::: SOURCE DATA :::

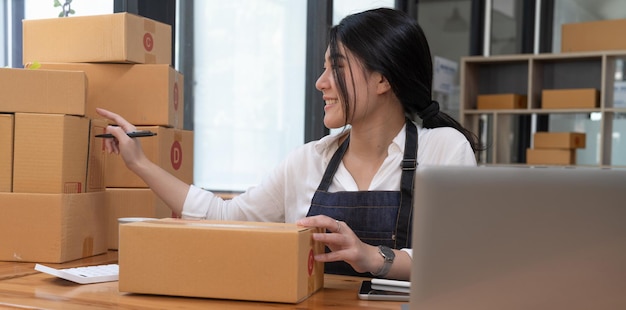 Smiling entrepreneur checking order on delivery box on work desk at home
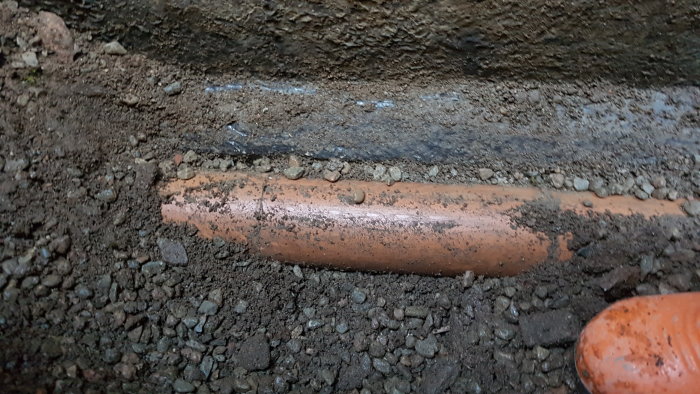 Grävd jord som exponerar dräneringsrör, indikerar högt liggande rör jämfört med omgivande mark.
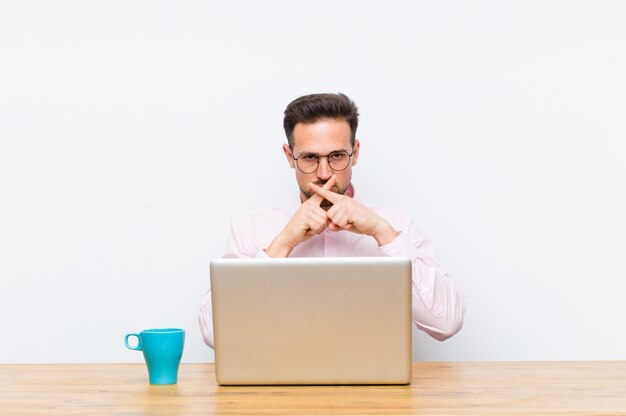 Young handsome businessman looking serious and displeased with both fingers crossed up front in rejection, asking for silence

:::

▶ WORK INSTRUCTIONS: Transcribe exactly, and without any pictures, each line from the one that holds "Grävd jord som" through the final line of the material above.

▶ YOUR RESPONSE:
 Grävd jord som exponerar dräneringsrör, indikerar högt liggande rör jämfört med omgivande mark.
 Young handsome businessman looking serious and displeased with both fingers crossed up front in rejection, asking for silence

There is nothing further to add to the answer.